= Albertina Martínez Burgos =

Chilean photojournalist (1981-2019)

Albertina Martínez Burgos (March 14, 1981 – November 21, 2019) was a Chilean photojournalist.

==Biography==
Albertina Mariana Martínez Burgos was born March 14, 1981. She moved to Santiago from southern Chile in 2009 to pursue a career in photography. In her early career, she worked at Chile's main daily newspaper, El Mercurio,' and later worked as a lighting assistant for the Chilean television channel, Mega, and as a freelance photojournalist. Martínez was involved in demonstrations against the Carabineros de Chile, following their repression and abuse against demonstrators in the protests against the government of Sebastián Piñera in November 2019. She also covered "violence against women during protests". Her private Instagram showed photos of masked protestors in the week before her death.

==Death==
She was found dead in her apartment in Santiago on November 21, 2019. She had been stabbed and beaten, and her photography equipment was missing from her home.

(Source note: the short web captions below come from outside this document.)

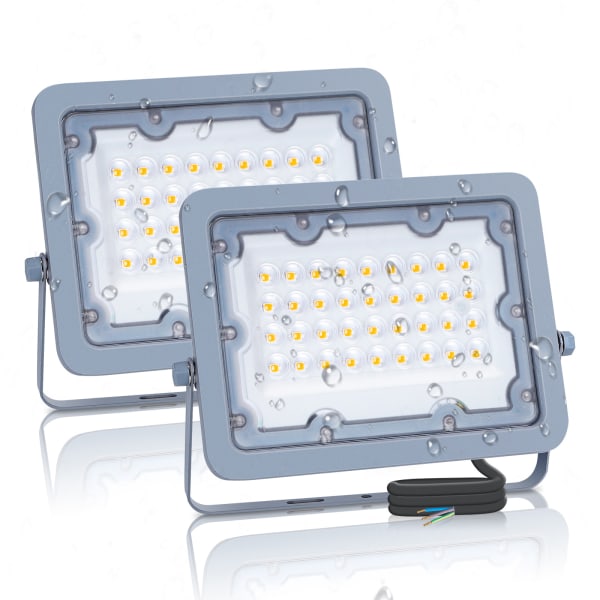Aigostar refletores LED para exteriores 30w, 3000k 2450lm, ip65, 2 peças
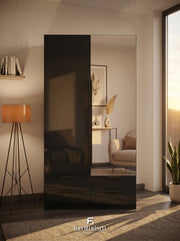 Meridian 2-Door High Gloss Wardrobe with Mirror & 4-Drawer Base — White, Grey, or Black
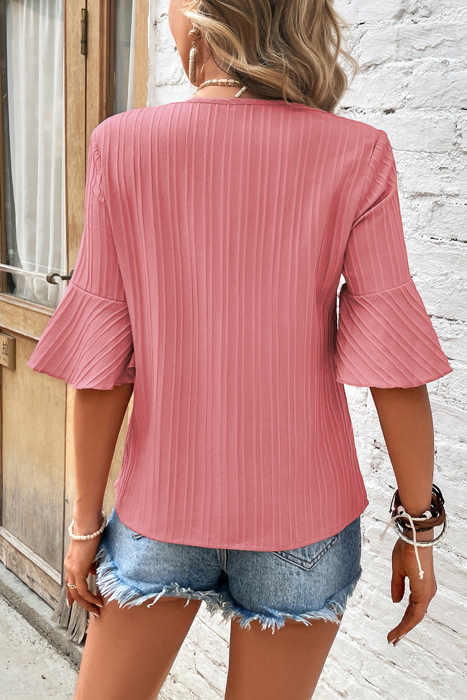 HIDDEN GEMS | Textured Ruffle Sleeve V-Neck Top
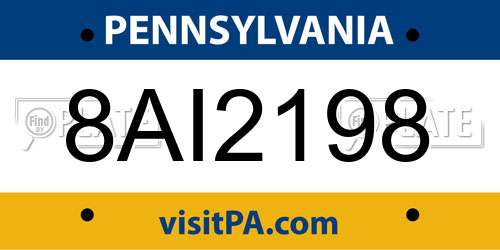8AI2198 Pennsylvania License Plate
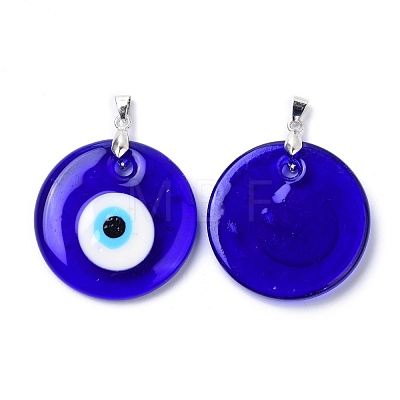 Handmade Evil Eye Lampwork Pendants LAMP-C001-02D-1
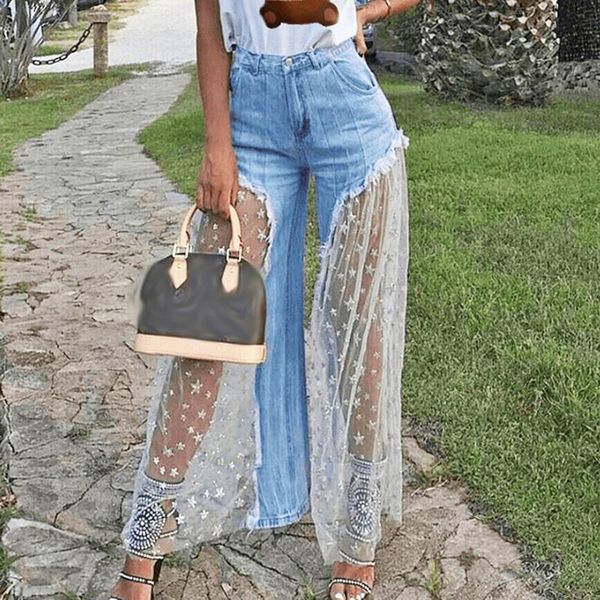 

mesh star wide leg pants jeans women fashion transparent summer street style casual loose see high waist denim trousers, Blue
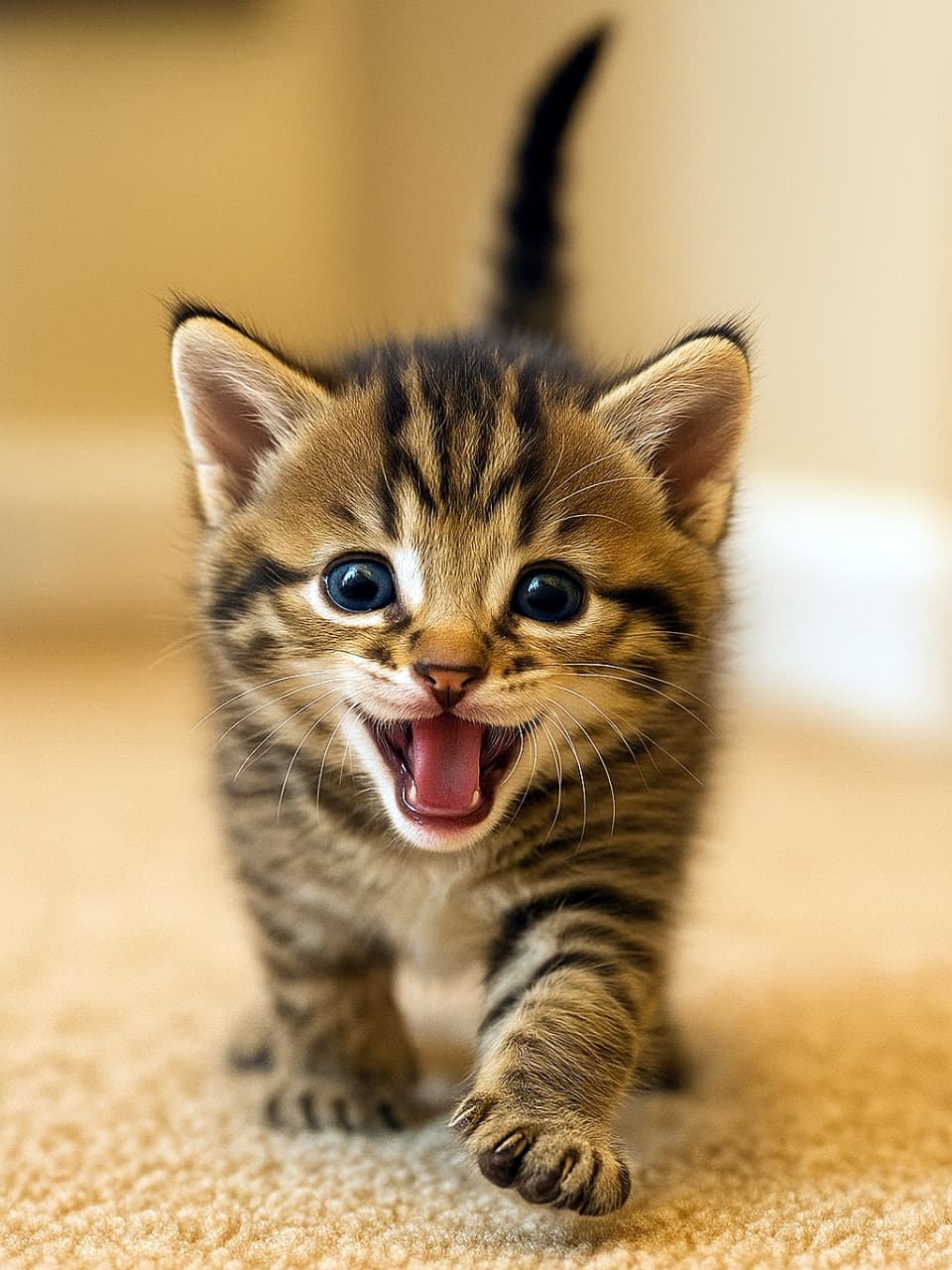 カーペットの上をこちらに向かって歩く、青い瞳の小さな茶トラ子猫。口を開けて鳴きながら、一歩を踏み出す瞬間を捉えた写真
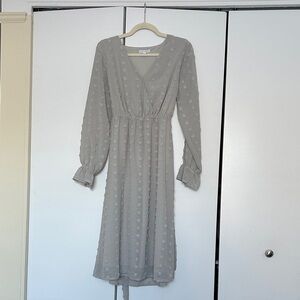 Baltic Born Light Gray Swiss Dot Long Sleeve Midi Dress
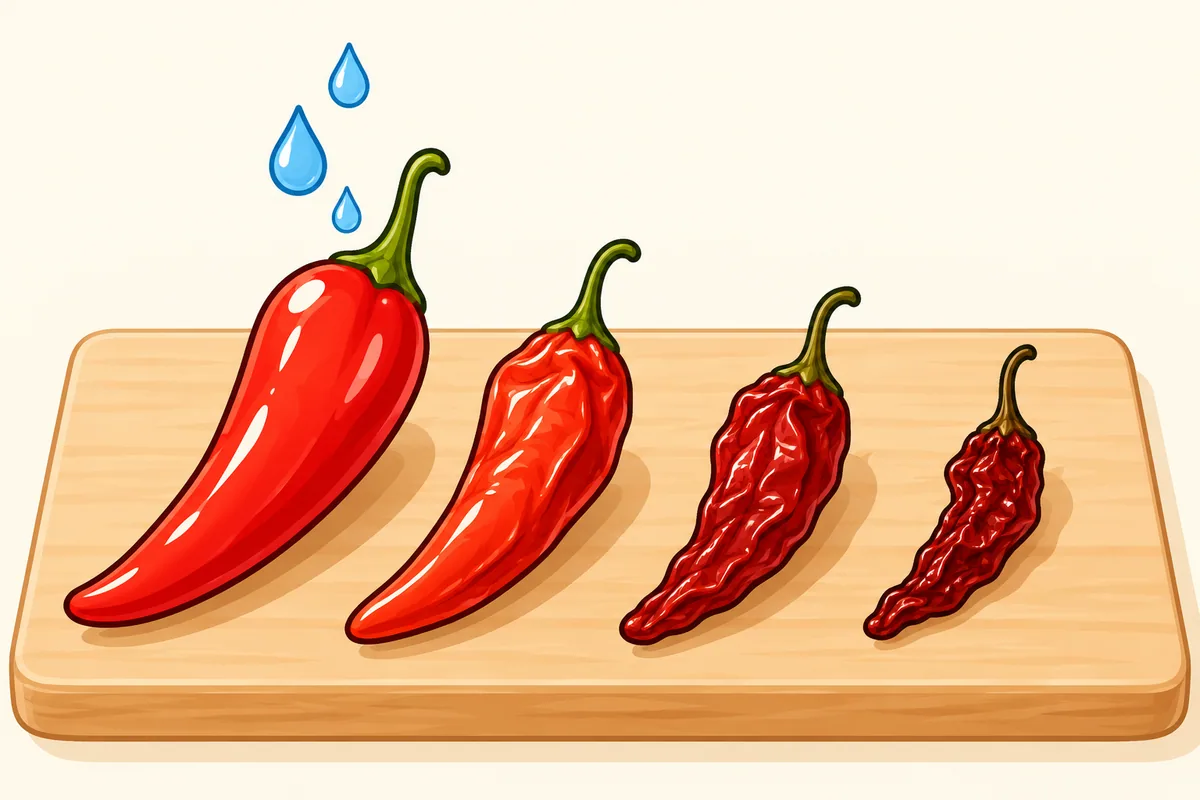 Four red chile pods in a row on a wooden board, shrinking from a plump glossy fresh pod on the left to a small dark dried one on the right, with three water drops rising from the first pods.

Her body was discovered by her boyfriend's mother after he was unable to contact her; with the help of a locksmith the mother was able to enter the apartment and found Burgos dead. The timing of her death and her missing equipment prompted suspicion that she was targeted because of her protest coverage. After her death, the photojournalist group Frente Fotograficó shared her pictures from the protests on social media with the hashtag #JUSTICIAPARAALBERTINA.